A pioneering project to tackle gender-based violence needs help

The Cable speaks to Bristol Zero Tolerance about how the initiative to eradicate gender-based violence could be saved.
Photo: Laura Dodsworth
In 2013, a Bristol woman was killed by her ex-partner, who had physically and mentally abused her for years. The case was subject to a multi-agency review to explore whether or not her murder could have been prevented. The review found that although the woman’s “work colleagues were aware of the abuse she suffered…there is no evidence that any of them encouraged her to seek help.” The review recommended that “companies and organisations…implement HR workplace policies in relation to domestic abuse.”

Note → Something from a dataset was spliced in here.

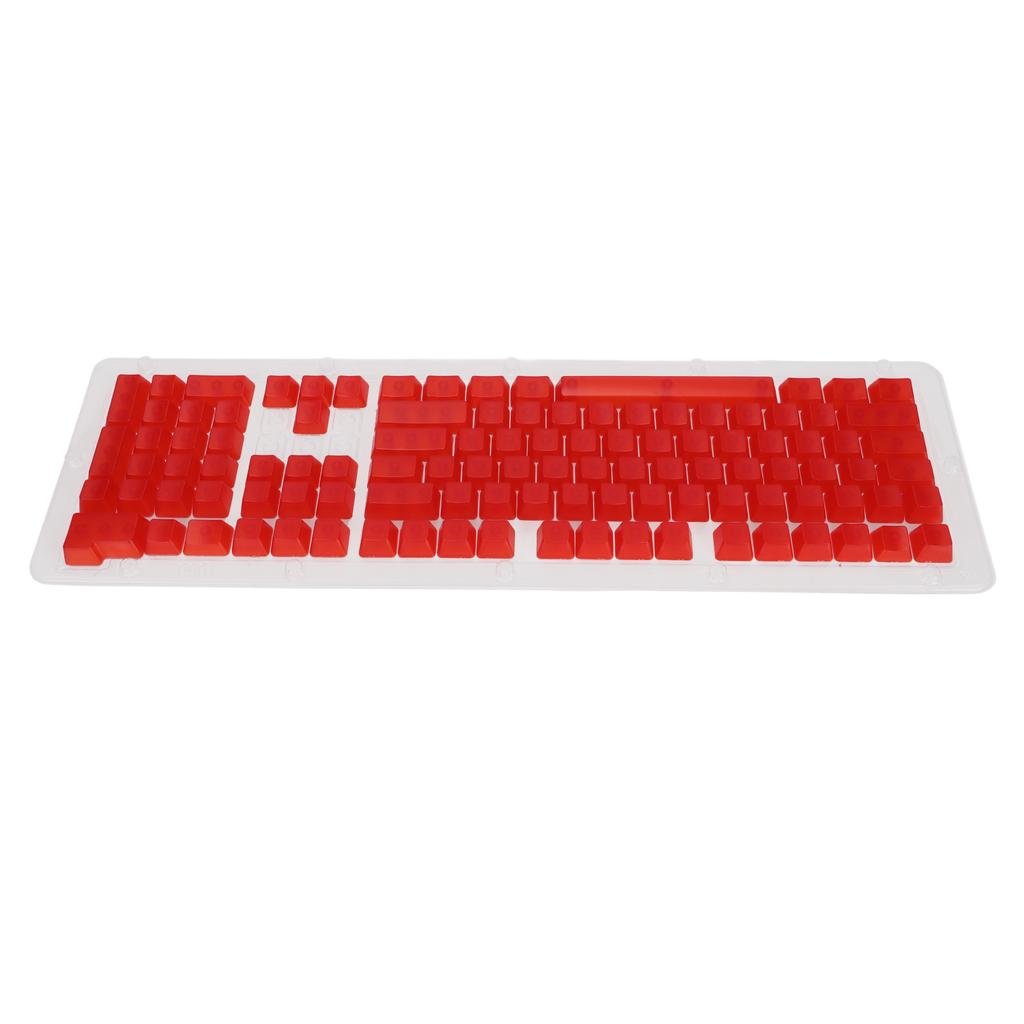 Keyboard Keycaps 108 Key OEM Height DIY Transparent Matte Mechanical Keycap for 6187104 Key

It was this tragedy and subsequent recommendations that triggered the launch of Bristol Zero Tolerance by Bristol Women’s Commission in 2015. Bristol Zero Tolerance works towards making Bristol a city with a ‘zero tolerance’ approach to gender-based violence (GBV), abuse, harassment and exploitation, by working with organisations and workplaces and by raising awareness of different forms of gender-based violence.
After almost three years of hard work in this area, Bristol Zero Tolerance has announced that it’s at imminent risk of closure and has made an urgent appeal for funding. The Cable caught up with Charlotte Gage, partnerships project officer, to talk about their work and future.
The Bristol Cable: What does Bristol Zero Tolerance do that no one else does?
Charlotte Gage: We make links between services, including those that aren’t GBV-specific, such as mental health and homelessness services, so that women – mainly women – who are accessing support and have a GBV background won’t fall through the gaps.
We also run city-wide campaigns about changing attitudes, behaviours, and cultures, like our street harassment work. If you feel you can be abusive and objectify strangers on the street, that’s part of a culture that leads to women dying.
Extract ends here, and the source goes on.